O dehşetli zamanda güneş insanları yakıp kavuracak, herkes günahı ölçüsünde tere batacak; kimi topuklarına, kimi dizlerine kadar, kimi beline, köprücük kemiklerine kadar, kimi de ağzına ve kulaklarına kadar tere gömülecektir.
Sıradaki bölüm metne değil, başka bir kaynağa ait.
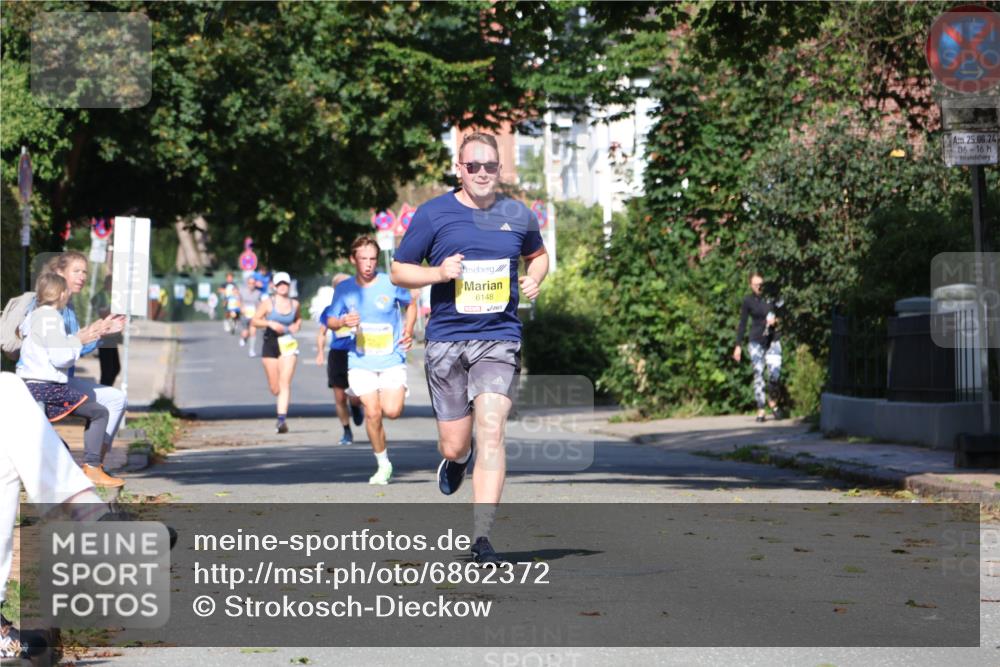 25.08.2024 - 20. Blankeneser Heldenlauf Strokosch-Dieckow http://msf.ph/oto/6862372 25.08.2024 10:20:14 Ziel 6148, 6207, 6293, 6513 meine-sportfotos.de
Hiçbir gölgenin bulunmadığı o dehşetli günde, Allah Teâlâ bazı kimselere özel ikrâmda bulunacak; onları Arş’ının gölgesinde dinlendirecektir.

Bu bahtiyar insanlar:

- âdil devlet başkanları,

- temiz bir hayat içinde Rabbine kulluk ederek büyüyen gençler,

- kalbi mescidlere bağlı Müslümanlar,

- birbirlerini Allah için seven; buluşmaları da, ayrılmaları da Allah için olan insanlar,

- güzel ve mevki sahibi bir kadının beraber olma isteğine “Ben Allah’tan korkarım” diye yaklaşmayan yiğit adamlar,

- sağ elinin verdiğini sol elinin bilemeyeceği kadar gizli sadaka verenler,

- tenhâda Allah’ı anıp gözyaşı dökenler olacaktır.


AMEL DEFTERİ


Mahşer gününde herkesin önüne, dünyada iken yaptığı bütün iyilik ve kötülükleri gösteren kitapları (amel defterleri) açılacak. Herkese:

“Oku kitabını! Bugün kendini sorgulayacak durumdasın” denecek.

İyilik yapmış olanın amel defteri sağ eline verilecek. O kimse, büyük bir sevinç içinde etrafındakilere “Bakınız şu kitabıma, alınız okuyunuz” diyecek. Onun hesabı kolay görülecek ve Cennetin yüksek yerinde, elini atınca koparacağı meyvelerin arasında, yiyip içerek mutlu bir hayat sürecek.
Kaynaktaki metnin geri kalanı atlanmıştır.